Le due grandi associazioni ambientaliste danno un pessimo giudizio sull’operato del ministro della Transizione ecologica Roberto Cingolani che ha già avuto l’endorsment di Matteo Salvini per una possibile riconferma al ministero in caso di vittoria della destra-centro.
«Preoccupa la situazione gestionale del passato Ministero dell’Ambiente, oggi Ministero della Transizione Ecologica – dice il Wwf – Avviata una modifica dell’organizzazione interna, poi rivista dal suo successore Cingolani, l’allora Ministro Costa ha rinunciato alla stabilizzazione del personale che già da anni operava all’interno del Ministero, avviando un concorso pubblico per 251 posti di funzionari per 8 distinte categorie che, dopo la partecipazione di migliaia di candidati a test ed esami di selezione, ha portato all’assunzione di sole 96 persone non risolvendo minimamente la carenza di organico cui si doveva rimediare, né superando la necessità di dover ricorrere a personale esterno. Ma le maggiori preoccupazioni vengono dall’attuazione concreta del Ministero della Transizione Ecologica che ha sostituito, allargandone le competenze, il Ministero dell’Ambiente e della Tutela del Territorio e del Mare. Questa trasformazione, richiesta dal Wwf Italia assieme a Greenpeace e Legambiente all’allora Presidente incaricato Mario Draghi in sede di consultazioni preliminari alla formazione del Governo, non ha fatto compiere all’Italia quel salto di qualità che ci si aspettava nel campo delle scelte ambientali. Le politiche di conservazione della natura, già molto deboli, sono quasi scomparse dalla lista delle priorità a vantaggio di altri ambiti che, anziché affiancarsi all’azione di tutela, l’hanno sovrastata in termini di investimento. L’assorbimento del Dipartimento sull’Energia dal Ministero per lo Sviluppo Economico non è stato adeguatamente bilanciato, tanto più che il Ministro, in relazione al cambiamento climatico, nonostante competenze innegabili sul piano tecnico, ha messo in secondo piano le politiche territoriali proprie dei principi di adattamento e resilienza. Nella gestione del ministro Cingolani più che il ministero della Transizione ecologica abbiamo avuto il “ministero della Transizione Tecnologica” che ha perso di vista uno degli aspetti centrali della transizione ecologica, ossia il limite delle risorse naturali. In questo quadro il fatto che l’aggiornamento del rapporto sul capitale naturale del Paese non sia stato pubblicato, pur essendo stato predisposto con dati preoccupanti sulla perdita di biodiversità, è certamente indicativo».

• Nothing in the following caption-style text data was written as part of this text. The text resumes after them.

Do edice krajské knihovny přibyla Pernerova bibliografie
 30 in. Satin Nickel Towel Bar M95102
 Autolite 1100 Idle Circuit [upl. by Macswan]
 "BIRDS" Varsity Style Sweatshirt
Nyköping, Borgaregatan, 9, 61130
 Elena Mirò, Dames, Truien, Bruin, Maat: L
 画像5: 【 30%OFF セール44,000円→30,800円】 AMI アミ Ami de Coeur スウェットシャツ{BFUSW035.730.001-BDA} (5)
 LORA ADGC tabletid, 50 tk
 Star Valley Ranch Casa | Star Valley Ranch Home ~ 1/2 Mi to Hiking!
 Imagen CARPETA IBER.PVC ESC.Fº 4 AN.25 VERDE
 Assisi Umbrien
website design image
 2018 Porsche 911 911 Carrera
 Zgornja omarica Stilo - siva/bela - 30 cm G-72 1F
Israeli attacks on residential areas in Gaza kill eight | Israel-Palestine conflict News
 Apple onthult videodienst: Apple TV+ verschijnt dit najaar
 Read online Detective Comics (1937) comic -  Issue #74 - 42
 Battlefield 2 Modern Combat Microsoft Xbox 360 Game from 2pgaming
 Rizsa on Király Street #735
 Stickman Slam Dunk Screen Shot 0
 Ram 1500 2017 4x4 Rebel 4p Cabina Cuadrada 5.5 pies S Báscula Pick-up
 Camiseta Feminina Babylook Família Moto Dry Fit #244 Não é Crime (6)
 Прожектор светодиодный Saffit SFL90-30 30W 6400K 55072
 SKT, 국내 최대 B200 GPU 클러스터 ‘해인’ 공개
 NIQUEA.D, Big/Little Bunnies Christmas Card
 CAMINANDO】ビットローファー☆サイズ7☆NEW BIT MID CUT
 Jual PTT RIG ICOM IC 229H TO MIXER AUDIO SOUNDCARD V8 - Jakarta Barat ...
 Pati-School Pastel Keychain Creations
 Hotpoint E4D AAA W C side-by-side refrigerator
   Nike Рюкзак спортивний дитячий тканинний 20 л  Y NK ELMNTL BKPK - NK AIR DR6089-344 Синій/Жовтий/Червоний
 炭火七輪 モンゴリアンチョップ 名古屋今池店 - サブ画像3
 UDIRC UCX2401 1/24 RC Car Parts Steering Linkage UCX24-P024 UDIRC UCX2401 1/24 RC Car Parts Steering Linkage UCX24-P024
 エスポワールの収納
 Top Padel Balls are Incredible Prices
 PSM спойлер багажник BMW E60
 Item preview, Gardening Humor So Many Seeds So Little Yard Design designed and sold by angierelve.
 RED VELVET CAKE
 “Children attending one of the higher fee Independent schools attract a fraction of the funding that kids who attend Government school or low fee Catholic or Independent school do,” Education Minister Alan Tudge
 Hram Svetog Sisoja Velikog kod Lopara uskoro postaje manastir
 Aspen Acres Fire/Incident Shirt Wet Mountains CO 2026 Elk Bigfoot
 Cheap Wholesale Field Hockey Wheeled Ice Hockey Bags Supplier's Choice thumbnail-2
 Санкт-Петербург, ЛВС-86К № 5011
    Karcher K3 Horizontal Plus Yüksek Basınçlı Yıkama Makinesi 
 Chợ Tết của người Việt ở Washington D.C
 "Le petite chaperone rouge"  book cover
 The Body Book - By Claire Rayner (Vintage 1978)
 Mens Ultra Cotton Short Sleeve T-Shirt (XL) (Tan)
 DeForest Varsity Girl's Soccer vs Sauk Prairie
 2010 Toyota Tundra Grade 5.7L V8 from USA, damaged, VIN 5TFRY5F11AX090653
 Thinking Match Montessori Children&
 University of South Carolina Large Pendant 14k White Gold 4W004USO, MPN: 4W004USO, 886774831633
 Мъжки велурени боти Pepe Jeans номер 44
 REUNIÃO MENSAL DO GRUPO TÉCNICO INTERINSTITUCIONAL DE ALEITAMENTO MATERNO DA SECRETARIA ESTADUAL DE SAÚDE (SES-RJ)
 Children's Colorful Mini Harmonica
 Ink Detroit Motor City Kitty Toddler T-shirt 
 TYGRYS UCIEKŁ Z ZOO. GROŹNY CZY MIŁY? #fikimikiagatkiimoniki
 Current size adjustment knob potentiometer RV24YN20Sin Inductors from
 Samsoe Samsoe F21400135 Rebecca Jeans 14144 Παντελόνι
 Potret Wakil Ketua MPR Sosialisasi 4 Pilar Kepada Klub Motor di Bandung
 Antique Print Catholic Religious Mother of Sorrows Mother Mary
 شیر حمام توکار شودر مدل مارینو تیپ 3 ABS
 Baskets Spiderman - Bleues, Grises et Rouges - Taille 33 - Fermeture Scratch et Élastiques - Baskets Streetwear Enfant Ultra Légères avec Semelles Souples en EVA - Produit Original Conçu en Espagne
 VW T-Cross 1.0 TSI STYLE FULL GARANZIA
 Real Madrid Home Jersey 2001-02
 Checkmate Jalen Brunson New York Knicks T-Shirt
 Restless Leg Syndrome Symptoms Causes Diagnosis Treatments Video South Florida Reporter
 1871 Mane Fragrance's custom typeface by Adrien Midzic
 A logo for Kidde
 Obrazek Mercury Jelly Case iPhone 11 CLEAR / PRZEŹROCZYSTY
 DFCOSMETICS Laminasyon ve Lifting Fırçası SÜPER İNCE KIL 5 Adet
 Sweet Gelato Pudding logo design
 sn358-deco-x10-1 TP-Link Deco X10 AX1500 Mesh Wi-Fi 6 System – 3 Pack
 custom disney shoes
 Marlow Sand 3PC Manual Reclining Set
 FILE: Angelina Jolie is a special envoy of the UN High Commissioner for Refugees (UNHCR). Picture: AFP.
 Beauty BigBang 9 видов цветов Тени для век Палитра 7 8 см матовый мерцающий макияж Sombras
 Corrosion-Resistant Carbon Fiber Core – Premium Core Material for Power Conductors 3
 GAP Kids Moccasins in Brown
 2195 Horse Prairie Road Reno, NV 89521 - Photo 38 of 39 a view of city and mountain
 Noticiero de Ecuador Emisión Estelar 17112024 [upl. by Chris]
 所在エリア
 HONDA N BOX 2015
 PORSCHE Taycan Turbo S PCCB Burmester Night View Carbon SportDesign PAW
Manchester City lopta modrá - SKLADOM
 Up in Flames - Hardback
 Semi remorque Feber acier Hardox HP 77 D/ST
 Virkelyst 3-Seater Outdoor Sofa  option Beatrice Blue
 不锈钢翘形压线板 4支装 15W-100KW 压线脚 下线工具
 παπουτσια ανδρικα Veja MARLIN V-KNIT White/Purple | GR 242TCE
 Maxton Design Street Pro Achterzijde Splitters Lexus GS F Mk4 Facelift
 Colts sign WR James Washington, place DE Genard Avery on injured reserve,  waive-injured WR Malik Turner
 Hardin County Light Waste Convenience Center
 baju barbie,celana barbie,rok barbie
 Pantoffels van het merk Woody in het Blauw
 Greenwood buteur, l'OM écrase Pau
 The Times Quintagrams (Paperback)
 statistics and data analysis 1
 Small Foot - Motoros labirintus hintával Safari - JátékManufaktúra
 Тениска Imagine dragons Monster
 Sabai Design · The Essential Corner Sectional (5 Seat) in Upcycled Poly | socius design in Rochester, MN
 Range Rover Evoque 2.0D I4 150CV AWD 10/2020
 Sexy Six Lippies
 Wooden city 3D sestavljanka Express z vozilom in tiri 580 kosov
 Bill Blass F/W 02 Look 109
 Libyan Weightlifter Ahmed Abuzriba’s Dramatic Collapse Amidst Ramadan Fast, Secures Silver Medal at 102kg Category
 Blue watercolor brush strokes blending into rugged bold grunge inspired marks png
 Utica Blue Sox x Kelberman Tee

In un’intervista concessa all’Adnkronos a margine di Festambiente, Ciafani ha detto che «Il ministro delle Transizione ecologica Roberto Cingolani ci ha profondamente deluso. Ci sono state molte iniziative per diversificare le fonti energetiche con uno ‘shopping’ di gas in tutto il mondo, e questo – spiega – per fronteggiare l’emergenza, a nostro avviso, poteva essere comprensibile, ma non è stata fatta la stessa azione efficace ed immediata sul fronte della liberazione graduale dalla dipendenza dall’estero. E si è lavorato poco sulle rinnovabili. Inoltre, c’è stata una disattenzione su altre questioni molto importanti come sull’economia circolare, sul tema delle bonifiche dei siti inquinati e sulle aree protette e la biodiversità. Quanto alla transizione dell’automotive all’elettrico, non abbiamo assolutamente compreso tutte le dichiarazioni di Cingolani sul fatto che la transizione ecologica rischia di essere un bagno di sangue per il settore dell’automotive ma se rimaniamo fermi rischia di travolgere l’industria italiana… L’Italia è stata tra i pochi Paesi in Europa a chiedere di andare oltre la scadenza del 2035 per porre fine alla produzione di motori a combustione interna, ed è così che rischiamo di mandare nei guai imprese e lavoratori mentre si dovrebbe accompagnare la riconversione delle imprese con programmi di formazione dei cicli produttivi e dei lavoratori. Cingolani ha mostrato un approccio conservatore».